A mitad de la explicación uno de los estudiantes que estaba entre el público levantó la mano para hacerle una pregunta al docente; algo que minutos antes el propio investigador había pedido a los participantes que hicieran: «Podéis interrumpirme cuando queráis y plantearme vuestras dudas». El estudiante asturiano preguntó: «¿Los resultados de estos estudios pueden generalizarse al resto del mundo y empresas?». Castilla respondió afirmativamente. «Todos somos seres humanos y todos cometemos sesgos a la hora de elegir cómo o a quién incentivar».

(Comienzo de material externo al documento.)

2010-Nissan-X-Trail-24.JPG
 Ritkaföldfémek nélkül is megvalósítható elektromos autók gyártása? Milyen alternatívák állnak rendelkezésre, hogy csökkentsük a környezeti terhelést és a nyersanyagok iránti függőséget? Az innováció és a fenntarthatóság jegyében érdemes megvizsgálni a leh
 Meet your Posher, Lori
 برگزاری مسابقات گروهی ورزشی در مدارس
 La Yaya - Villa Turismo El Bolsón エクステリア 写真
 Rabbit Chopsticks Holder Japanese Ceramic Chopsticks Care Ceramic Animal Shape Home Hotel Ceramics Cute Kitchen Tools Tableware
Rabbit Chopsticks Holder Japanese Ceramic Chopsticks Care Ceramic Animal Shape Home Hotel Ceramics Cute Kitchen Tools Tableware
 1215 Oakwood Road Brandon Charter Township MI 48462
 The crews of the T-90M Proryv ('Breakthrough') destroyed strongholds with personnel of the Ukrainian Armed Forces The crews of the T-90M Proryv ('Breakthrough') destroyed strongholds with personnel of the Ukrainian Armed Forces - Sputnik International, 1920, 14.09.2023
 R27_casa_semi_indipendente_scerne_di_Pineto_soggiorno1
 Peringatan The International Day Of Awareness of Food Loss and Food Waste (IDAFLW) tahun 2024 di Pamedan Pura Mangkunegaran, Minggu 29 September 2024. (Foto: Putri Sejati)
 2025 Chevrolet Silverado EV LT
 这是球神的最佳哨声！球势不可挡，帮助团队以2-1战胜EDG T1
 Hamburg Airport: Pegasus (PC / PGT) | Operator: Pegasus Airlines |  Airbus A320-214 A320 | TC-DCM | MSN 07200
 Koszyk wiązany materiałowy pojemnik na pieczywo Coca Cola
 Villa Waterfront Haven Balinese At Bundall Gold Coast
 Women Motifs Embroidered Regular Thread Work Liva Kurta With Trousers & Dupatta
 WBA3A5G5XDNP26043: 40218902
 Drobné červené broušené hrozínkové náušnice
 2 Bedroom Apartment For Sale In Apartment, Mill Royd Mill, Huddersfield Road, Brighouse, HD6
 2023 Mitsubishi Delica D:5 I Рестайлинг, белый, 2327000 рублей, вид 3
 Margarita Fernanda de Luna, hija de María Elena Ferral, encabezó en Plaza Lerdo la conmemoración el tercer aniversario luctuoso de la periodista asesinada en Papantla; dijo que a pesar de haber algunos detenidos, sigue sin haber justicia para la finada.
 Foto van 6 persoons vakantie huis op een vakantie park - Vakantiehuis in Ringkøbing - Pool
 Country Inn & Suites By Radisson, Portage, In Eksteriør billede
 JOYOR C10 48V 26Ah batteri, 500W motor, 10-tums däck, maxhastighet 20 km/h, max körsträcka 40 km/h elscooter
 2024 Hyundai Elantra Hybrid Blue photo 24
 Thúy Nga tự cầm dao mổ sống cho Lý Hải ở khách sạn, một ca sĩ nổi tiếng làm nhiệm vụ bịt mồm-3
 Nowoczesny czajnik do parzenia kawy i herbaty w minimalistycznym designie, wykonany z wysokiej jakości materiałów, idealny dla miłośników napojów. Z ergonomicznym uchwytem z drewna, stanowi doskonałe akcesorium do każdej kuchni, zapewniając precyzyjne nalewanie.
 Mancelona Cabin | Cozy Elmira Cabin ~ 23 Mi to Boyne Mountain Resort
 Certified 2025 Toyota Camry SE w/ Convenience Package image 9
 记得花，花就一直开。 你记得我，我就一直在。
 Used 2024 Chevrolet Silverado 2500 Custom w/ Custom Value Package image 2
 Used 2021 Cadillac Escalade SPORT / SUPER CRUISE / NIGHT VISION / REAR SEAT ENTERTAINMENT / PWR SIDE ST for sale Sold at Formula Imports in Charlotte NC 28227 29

Al otro extremo de la sala, otro estudiante pidió la palabra: «¿Las leyes de paridad pueden afectar a la productividad del Gobierno o de la empresa?» Castilla destacó la dificultad de valorar la productividad en la política aunque apuntó que, por su experiencia en las empresas, «una de las cosas que más suelen desmotivar a los trabajadores es ver cómo se promociona a incompetentes».

Para llegar a todas estas conclusiones, Castilla entró «hasta atrás» en los datos de una importante empresa americana (de la que por motivos de confidencialidad no dio su nombre y que bautizó ficticiamente como «Servicom») con 20.000 empleados y 272 centros de trabajo. «Me entrevisté con los supervisores y conocí a algunos trabajadores de primera mano para saber sus opiniones», señaló. De las conclusiones de su trabajo se desprende que al entrar a trabajar en la compañía no hay ningún tipo de discriminación, «todos cobran lo mismo, más que nada porque la legislación americana vigila mucho esto». El problema llega cuando entra en funcionamiento el plan de incentivos; es en ese momento donde Castilla comprobó que se dan discriminaciones.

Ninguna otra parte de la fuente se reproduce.